Jailed Saudi blogger Raif Badawi has been named the first winner of the IPA Prix Voltaire, previously known as the IPA Freedom to Publish Prize.
English PEN president Maureen Freely, presenting the award earlier this evening (Sunday 10th April) at the International Publishers Congress dinner in London, said Badawi fully embodied the values and courage that the prize seeks to honour.
Badawi set up the now-closed secular website Free Saudi Liberals as a forum to facilitate political and religious debate in repressive Saudi Arabia. He is currently two years into a 10-year prison term for hosting online commentary deemed blasphemous, and has endured 50 lashes out of a sentence of 1,000.
Badawi's wife Ensaf Haidar Mohamed collected the prize of 10,000 Swiss francs (£7,300) on behalf of her husband. She said: "It's very touching, and encouraging, to see Raif's courage being recognised by the international publishing community. We will use this money to keep fighting for my husband's release and to highlight the cruel suffering of free speech advocates in Saudi Arabia."
Maureen Freely presents Raif Badawi's award to his wife Ensaf Haidar Mohamed
Ola Wallin, chair of the IPA Freedom to Publish Committee, said: "We had many deserving candidates this year, but clearly Raif's disgraceful ongoing punishment and the extreme risk he ran to express his ideas – and those of other free thinkers – caught the imagination of the IPA's Freedom to Publish Committee." IPA president Richard Charkin added: "The worldwide publishing community will continue to highlight the plight of oppressed publishers and writers like Raif. If we don't, unscrupulous regimes everywhere will only tighten their grip further."
Saudi Arabia was voted a full member of the IPA at the last Frankfurt Book Fair, amidst mixed opinions from the IPA membership.
The Freedom to Publish prize was created in 2005 to honour a person or organization that has made an important contribution to the defence and promotion of that freedom. This year it has been renamed the IPA Prix Voltaire, in tribute to the French philosopher and writer who preached a doctrine of tolerance and free expression. In the 1750s, Voltaire lived in Geneva, Switzerland, where the IPA is based.
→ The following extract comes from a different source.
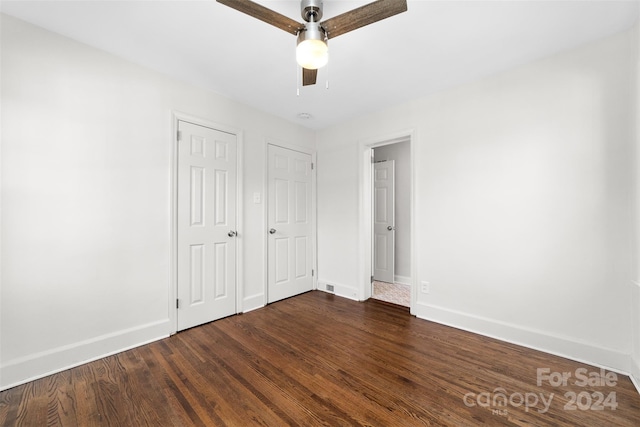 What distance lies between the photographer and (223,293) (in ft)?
9.41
Ben Steward, the IPA's director of communications and the Freedom to Publish programme, explained the name change. "Over the coming years we'll be working to further raise the profile and stature of the prize, while also making it say more about the IPA itself," he told The Bookseller. "This means hopefully increasing the prize money, and finding new ways to highlight its relevance. Within this picture, we sought a name that would reflect the IPA's position as a truly European, global organisation, while paying tribute to Geneva, where we're based. To this end, Voltaire's pioneering free speech vision and his historical ties to Geneva are a perfect fit for the prize."
Sponsoring the prize this year were Swedish publisher Bonnier, Elsevier, HarperCollins, Japanese publisher Kodansha, Oxford University Press, Penguin Random House, Simon & Schuster and Springer Nature. Charkin proffered them his "grateful thanks", saying the prize would not be possible without them.
The prize has been sponsored by publishers since 2013, allowing an increase in the size of the prize award.